Nas últimas décadas, o plano internacional
debruçou-se sobre a problemática da desigualdade de gênero que, em seu ápice,
pode culminar na violência contra a mulher e no feminicídio. No bojo do sistema
da Organização das Nações Unidas, foi adotada, em 1979, a Convenção sobre a
Eliminação de Todas as Formas de Discriminação contra a Mulher, promulgada no Brasil
por meio do Decreto nº 4.377, de setembro de 2002; no coração do sistema
interamericano, está a Convenção Interamericana para Prevenir, Punir e
Erradicar a Violência contra a Mulher, também referida como Convenção de Belém
do Pará (CBP), adotada em 1994 e promulgada no Estado brasileiro através do
Decreto nº 1.973, de agosto de 1996.
Infere-se ser a Convenção de Belém do Pará como normativa idealizadora
da proteção internacional da mulher latino-americana, abrindo a possibilidade
não apenas dos Estados reverterem seus termos legislativos e amplificarem suas
políticas públicas, mas, também, assegurar um foro de reinvindicação e
reversibilidade das violências para além do nacional.
Tanto é verdade que, em termos comprobatórios, fita-se o Caso Maria da
Penha vs. Brasil como um paradigma não apenas de aplicação efetiva da Convenção
de Belém do Pará, mas, outrossim, de aperfeiçoamento legislativo no Estado
brasileiro: fora a partir das recomendações ante ao Caso que emergiu, na órbita
legislativa brasileira, a Lei no 11.340/06, tendente a locupletar os
vazios normativos na violência doméstica e familiar contra a mulher,
contribuindo, igualmente, para o vislumbre de desenvolvimento de políticas
públicas na temática. Ainda, considera-se tal Caso a mola propulsora à inclusão
da qualificadora de feminicídio no Código penal brasileiro, em 2015.

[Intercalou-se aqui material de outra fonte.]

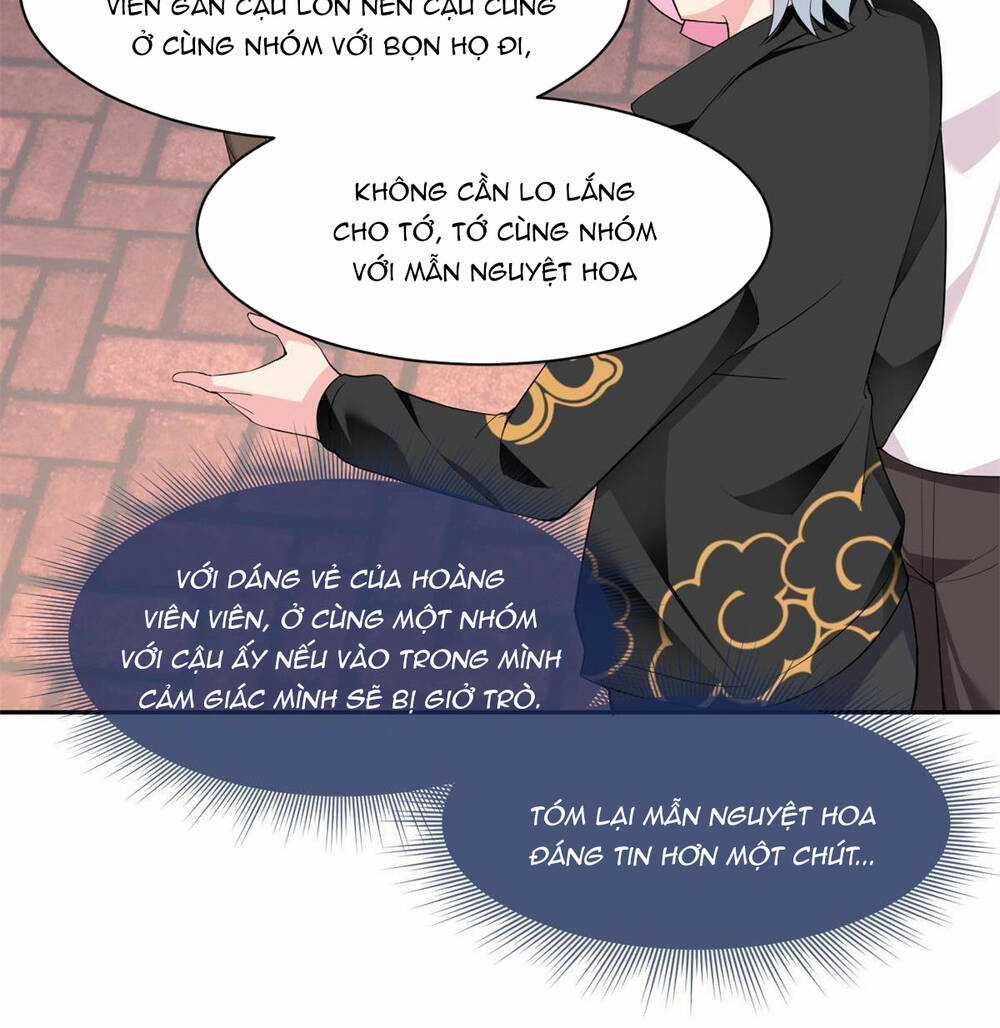 Tôi ở thế giới khác dựa dẫm vào phụ nữ Chapter 12 trang 11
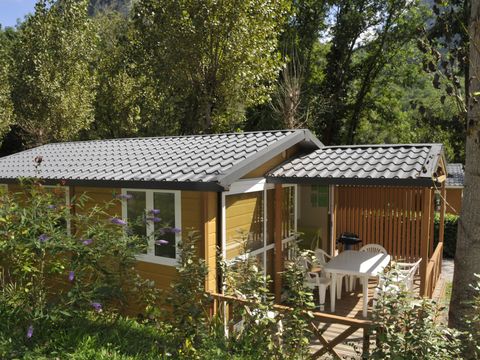 CHALET 5 personnes - Chalet Morea 2006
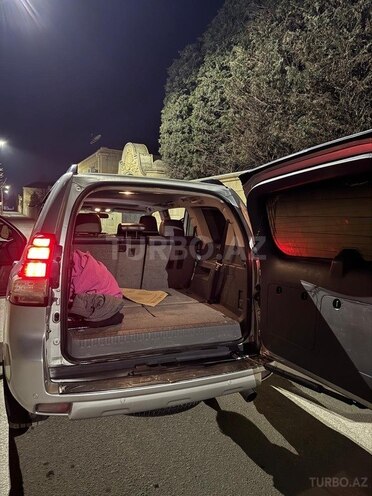 Toyota Land Cruiser Prado 2009, 241,888 km - 4.0 l - Bakı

Mesmo sendo inenarrável a importância do Caso paradigma, constata-se
que, em termos práticos, a violência contra a mulher continua assombrando a
realidade brasileira – segundo a própria CIDH, 40% de todos os assassinatos de
mulheres na América Latina e Caribe, sucedem-se em solos brasileiros -, fazendo
com que, novamente, a consolidação da proteção da mulher não passe de um mero
ruído para o governo brasileiro.
Em relação ao Caso González e Outras vs. México, assenta-se o
entendimento, pela primeira vez, que o termo feminicídio estaria apto a
configurar peculiaridades ante o homicídio quando, este, envolver motivo de
gênero. Ainda que não de forma pioneira, tendo em vista a utilização, no Caso,
do método dialógico – fitando-se, aqui, o Caso Opuz vs. Turquia (Corte Europeia
de Direitos Humanos) -, o emprego do vocábulo feminicídio representa um
avanço em termos de capacitação dos agentes públicos nacionais no combate a tal
prática e, não menos importante, na ânsia ainda mais latente por
responsabilização do Estado internacionalmente quando este não garantir as
demandas normativas da CBP.
Por fim, o último caso que despontou no Sistema Interamericano acerca da
violência de gênero fora o Caso Barbosa de Souza vs. Brasil. Cabe ressaltar
que, pela primeira vez na história, a Corte IDH manifestou-se não apenas acerca
das imunidades parlamentares em solos latino-americanos, mas igualmente em
garantir uma implicação efetiva e pedagógica para que os Estados,
definitivamente, entendam que alguns estratos sociais são mais afetados pela
violência de gênero quando certos agentes permeiam-se de garantias
institucionalizadas e possuem, no ideário coletivo, parcelas substanciais de
poder por conta do cargo que ocupam.